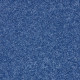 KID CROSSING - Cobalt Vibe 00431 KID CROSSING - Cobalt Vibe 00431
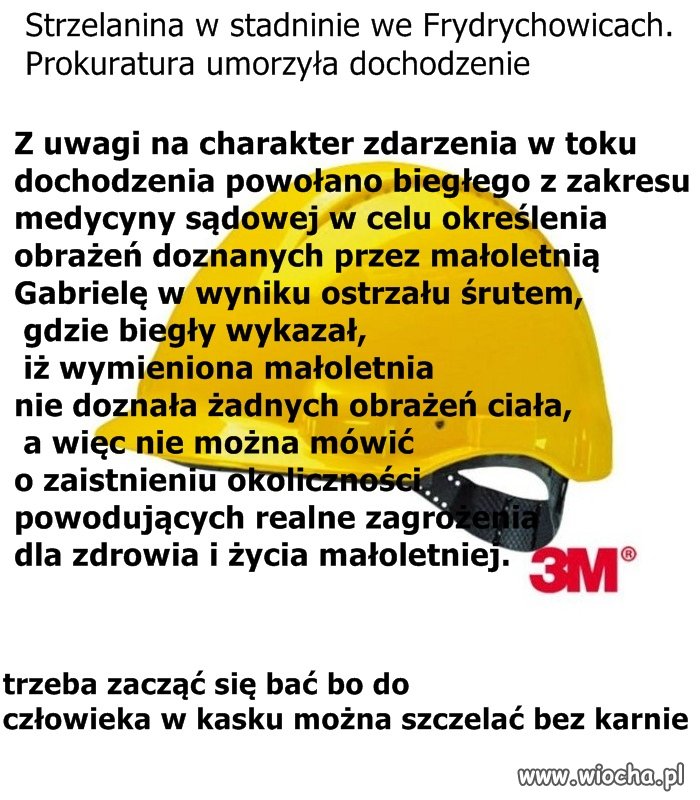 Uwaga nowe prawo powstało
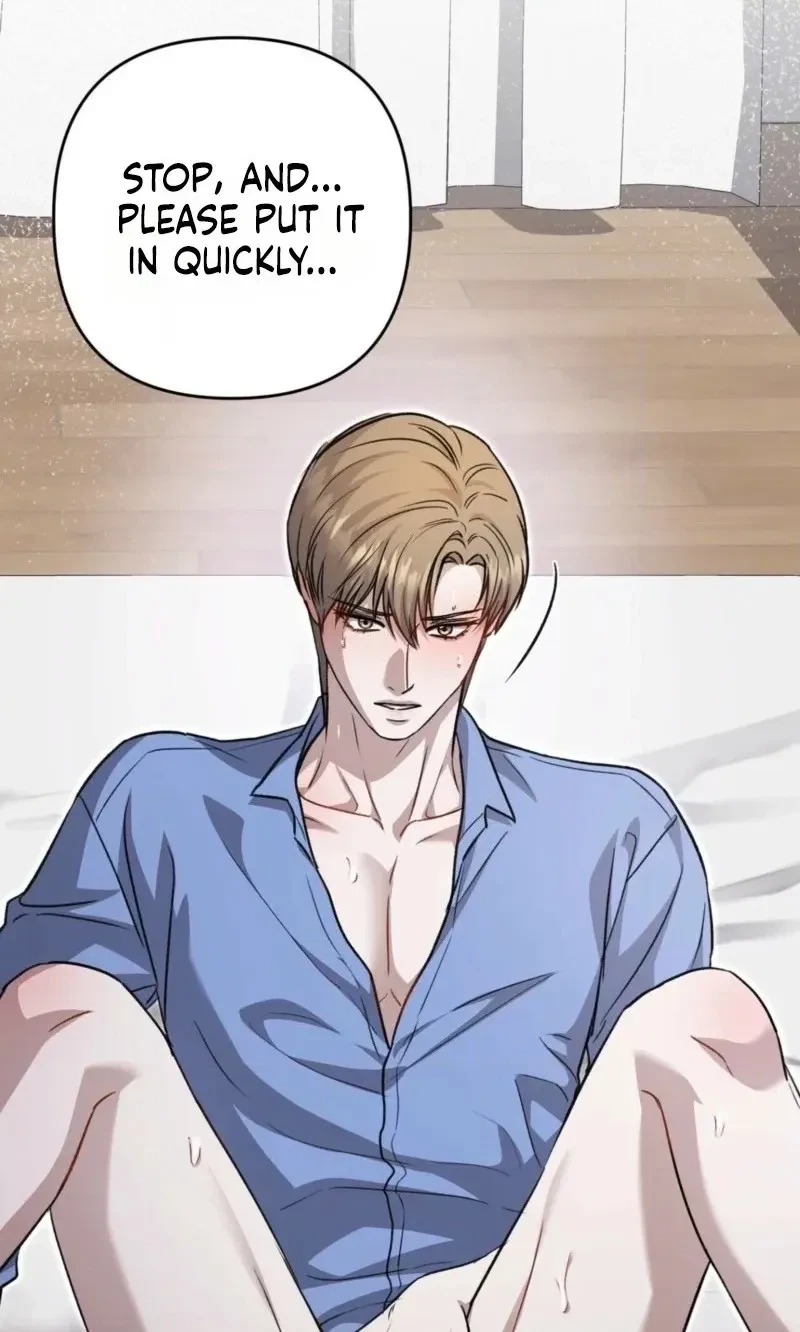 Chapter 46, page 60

◆ YOUR ASSIGNMENT ◆
In your copy, omit the pictures and restate every line of the data word for word.

◆ SOLVED EXERCISE ◆
 KID CROSSING - Cobalt Vibe 00431 KID CROSSING - Cobalt Vibe 00431
 Uwaga nowe prawo powstało
 Chapter 46, page 60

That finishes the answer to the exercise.